## WHAT THIS TASK INVOLVES
Copy the lines of the entries exactly, from the opening one to the one holding "Either answer is", and leave out everything after.

## INFORMATION GIVEN
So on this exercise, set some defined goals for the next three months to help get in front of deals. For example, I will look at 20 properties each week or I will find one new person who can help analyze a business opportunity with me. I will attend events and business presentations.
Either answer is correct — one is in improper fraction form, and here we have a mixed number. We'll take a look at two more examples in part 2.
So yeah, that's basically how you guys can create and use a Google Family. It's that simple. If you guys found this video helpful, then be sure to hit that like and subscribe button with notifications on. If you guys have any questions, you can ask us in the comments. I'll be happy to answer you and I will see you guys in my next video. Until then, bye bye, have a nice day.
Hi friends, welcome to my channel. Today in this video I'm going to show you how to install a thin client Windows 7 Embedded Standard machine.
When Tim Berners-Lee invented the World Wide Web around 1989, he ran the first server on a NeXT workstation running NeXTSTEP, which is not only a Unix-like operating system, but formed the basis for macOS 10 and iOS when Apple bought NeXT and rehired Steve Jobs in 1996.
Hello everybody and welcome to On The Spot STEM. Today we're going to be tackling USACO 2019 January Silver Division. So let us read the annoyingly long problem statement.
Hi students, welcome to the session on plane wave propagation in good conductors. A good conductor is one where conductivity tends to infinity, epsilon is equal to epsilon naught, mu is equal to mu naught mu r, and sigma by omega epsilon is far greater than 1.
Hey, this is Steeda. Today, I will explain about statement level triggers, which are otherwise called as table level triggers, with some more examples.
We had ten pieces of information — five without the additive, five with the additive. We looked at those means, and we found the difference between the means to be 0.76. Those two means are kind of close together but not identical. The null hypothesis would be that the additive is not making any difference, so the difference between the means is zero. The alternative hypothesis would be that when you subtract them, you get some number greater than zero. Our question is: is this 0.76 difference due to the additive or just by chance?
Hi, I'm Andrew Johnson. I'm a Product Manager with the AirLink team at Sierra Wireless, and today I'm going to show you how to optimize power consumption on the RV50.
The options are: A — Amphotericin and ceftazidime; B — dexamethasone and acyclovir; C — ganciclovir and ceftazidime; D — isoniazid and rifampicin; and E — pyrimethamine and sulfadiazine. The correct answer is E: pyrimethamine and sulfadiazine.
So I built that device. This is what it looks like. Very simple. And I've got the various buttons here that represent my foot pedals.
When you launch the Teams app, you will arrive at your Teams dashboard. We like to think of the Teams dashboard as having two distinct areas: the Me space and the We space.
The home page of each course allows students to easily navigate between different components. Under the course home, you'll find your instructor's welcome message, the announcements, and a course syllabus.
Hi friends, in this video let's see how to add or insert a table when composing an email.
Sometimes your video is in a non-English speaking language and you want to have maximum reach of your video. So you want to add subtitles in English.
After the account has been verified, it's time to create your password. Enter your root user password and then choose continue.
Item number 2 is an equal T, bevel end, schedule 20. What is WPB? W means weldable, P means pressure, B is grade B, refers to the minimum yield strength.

## THE COMPLETED TASK
So on this exercise, set some defined goals for the next three months to help get in front of deals. For example, I will look at 20 properties each week or I will find one new person who can help analyze a business opportunity with me. I will attend events and business presentations.
Either answer is correct — one is in improper fraction form, and here we have a mixed number. We'll take a look at two more examples in part 2.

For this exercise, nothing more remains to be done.